Biologics, including natalizumab, vedolizumab, ustekinumab, and adalimumab, have evidence to support their long-term use in the maintenance phase—that is, once initial remission and mucosal healing have been achieved.

The Postoperative Patient

[The fifth category of interest] focuses on the postoperative patient. It is very difficult to make a decision here.

Data support that [high-risk patients should be put back on biologic therapy within 4 weeks of surgery]. Patients at high risk for recurrence include those with previous surgery for Crohn disease, those who smoke (if they are smokers, you should tell them to stop; that is important and a recommendation in and of itself), and those with penetrating disease. Once [patients no longer have] potential infection concerns, restart therapy. It is recommended that patients use combination therapy if there is a concern regarding the development of antibodies. I do not know that it needs to be routine, but the recommendation is that combination therapy would be the preferred approach.

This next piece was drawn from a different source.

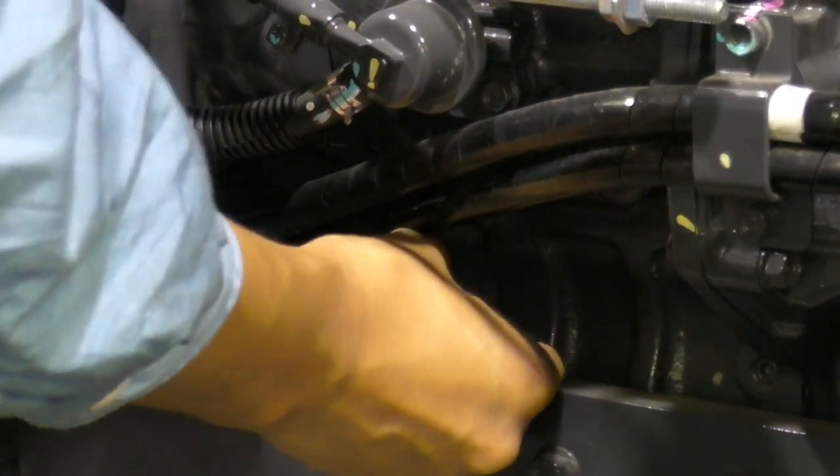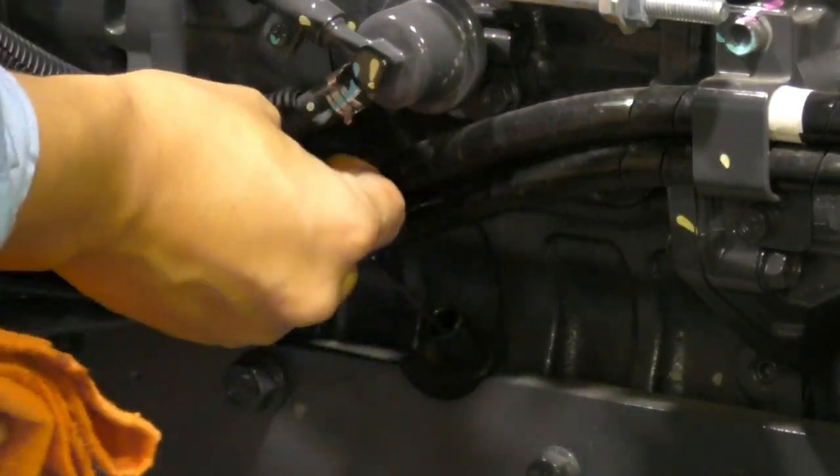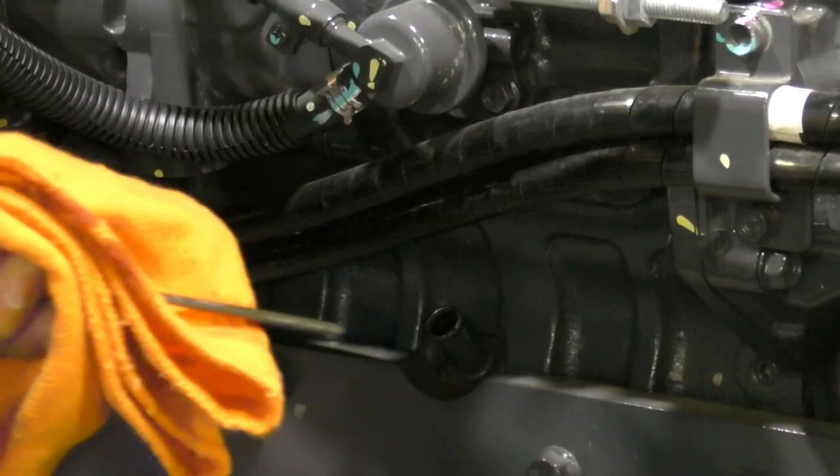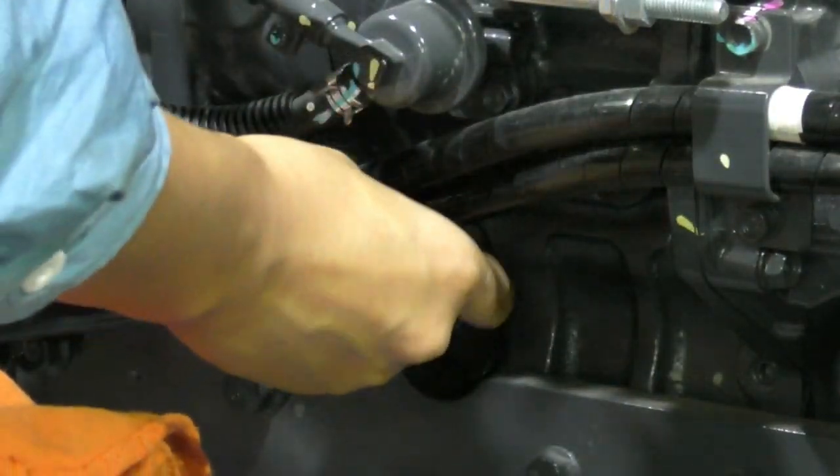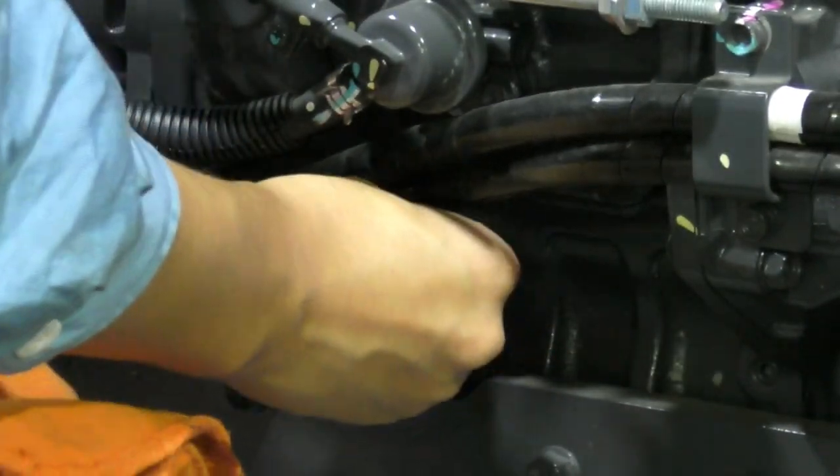To check the engine oil level, draw out the dipstick. Wipe the dipstick clean. Return the dipstick, then draw the dipstick out again.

You could make the argument that if a patient is not high-risk and you choose not to restart immunotherapy or a biologic therapy combination, you should go back and do an endoscopic assessment. We would routinely do this within 3-6 months and look for early mucosal relapse in order to then justify therapy at that point based on what we saw.

These are five areas of interest, but there are many other valuable points here. I think this document will be helpful for us, supplying the best evidence and practice recommendations as we move forward in our continued evolution of enhanced care for patients with Crohn disease.

I'm Dr David Johnson. Thanks again for listening.